Nel caso italiano simili esperienze sono state promosse in varie parti del mondo da singole associazioni, o da coalizioni di più organizzazioni, in genere con poche risorse se non quelle offerte da qualche amministrazione locale. Da circa un anno il Ministero degli Affari Esteri ha avviato una consultazione con tali organizzazioni, aprendo un Tavolo di lavoro in via di formalizzazione come Forum dei Servizi Civili di Pace, di concerto con il Ministero degli Affari Sociali che è competente sul Servizio civile nazionale. A livello europeo esistono analoghe esperienze di invio continuativo di volontari espatriati in differenti scenari di crisi, e si è anche creato un network di coordinamento che interagisce con le istituzioni comunitarie.

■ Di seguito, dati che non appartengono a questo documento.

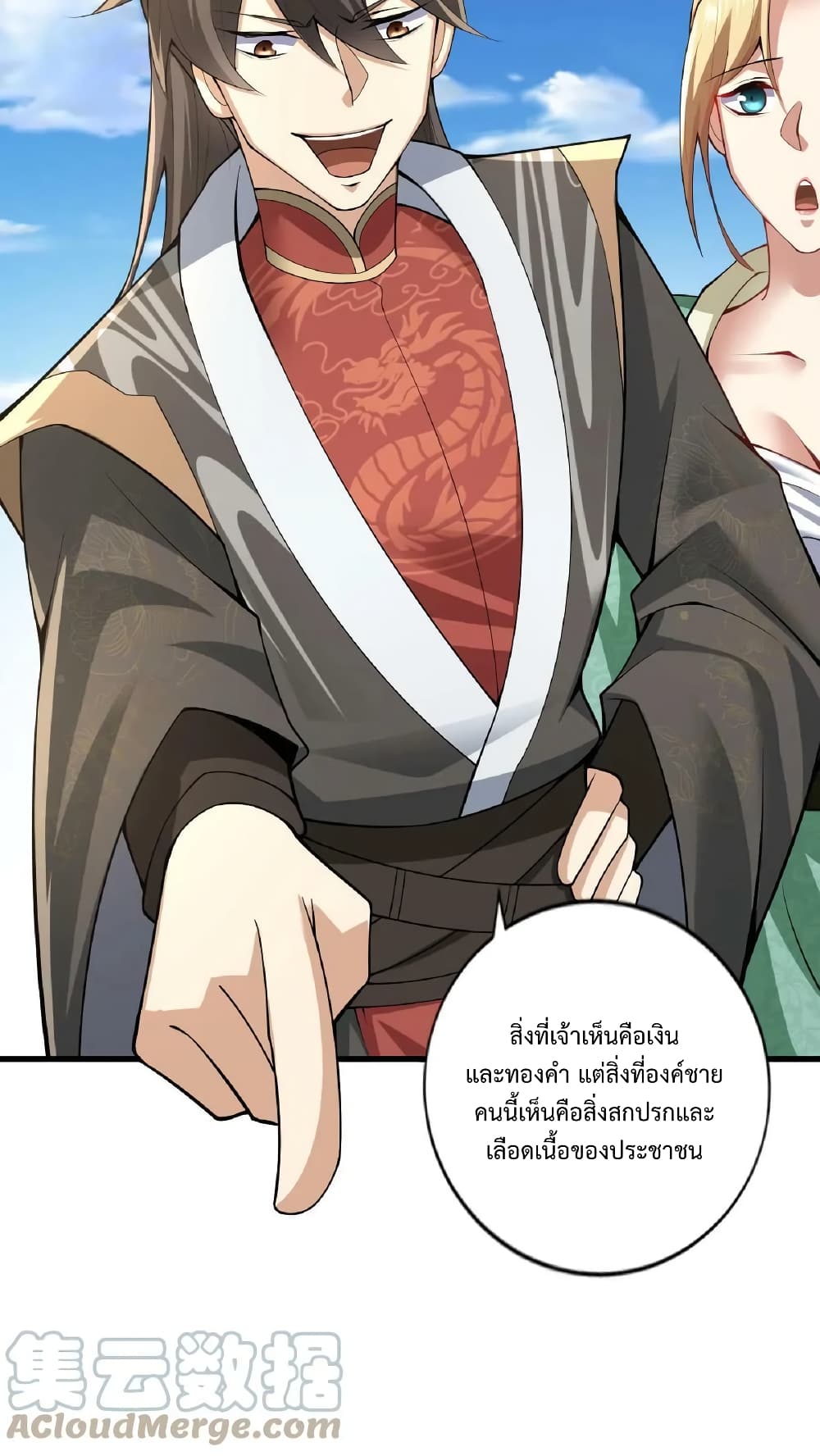 I Was Summoned to Help The Empress page 31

Parallelamente esiste un’intensa attività di formazione all’intervento civile nei conflitti internazionali, promossa da università europee ed italiane, da enti locali e regionali o da organismi privati. Il carattere ancora sperimentale e l’assenza di previsioni normative ed organizzative certe rende tali attività ancora frastagliate, sebbene in Italia sia stato compiuto un primo sforzo di ricognizione sui bisogni formativi e sulla figura professionale dell’operatore di pace.


Alcuni punti fermi acquisiti
Sia i progetti istituzionali sia le varie sperimentazioni sul campo mantengono ancora profonde diversità organizzative ed operative, tanto da poter affermare che non esiste un modello condiviso di Corpi civili di pace. Tuttavia nel corso del dibattito ormai più che decennale si sono acquisiti alcuni punti fermi sul tema:
- esiste la necessità pratica e la legittimità giuridica per istituire dei Corpi civili di pace come strumento distinto e autonomo, seppur collegato a quello militare e a quello strettamente diplomatico;
- l’azione dei Corpi civili di pace richiede un minimo di consenso condiviso tra gli attori locali, e la garanzia di operare in autonomia dagli obiettivi politici del paese o della coalizione di paesi invianti. L’intervento infatti, come quello di qualsiasi parte terza, ha successo solo se è in grado di farsi accettare e di appoggiarsi su forze locali di pace interne alla realtà in conflitto, e di valorizzare le loro competenze e potenzialità prima di immaginare un intervento da parte di attori esterni;
- i Corpi civili di pace vanno costituiti sulla base di un mix tra operatori professionisti stabili e volontari mobilitati da associazioni specializzate e socialmente radicate. Il loro profilo umano deve garantire un’adeguata copertura delle diversità di genere, età, lingua, competenze professionali etc…


L’evoluzione del contesto
Se alcune certezze si sono formate, restano tuttavia vari temi da approfondire per passare dalla proposta dei Corpi civili di pace all’operatività concreta, e per trovare un consenso condiviso fra tutti i soggetti coinvolti. Inoltre i mutamenti profondi nel quadro delle relazioni internazionali e in particolare del settore della sicurezza, avvenuti nell’ultimo quindicennio, investono anche alcuni aspetti della stessa proposta iniziale dei Corpi civili di pace.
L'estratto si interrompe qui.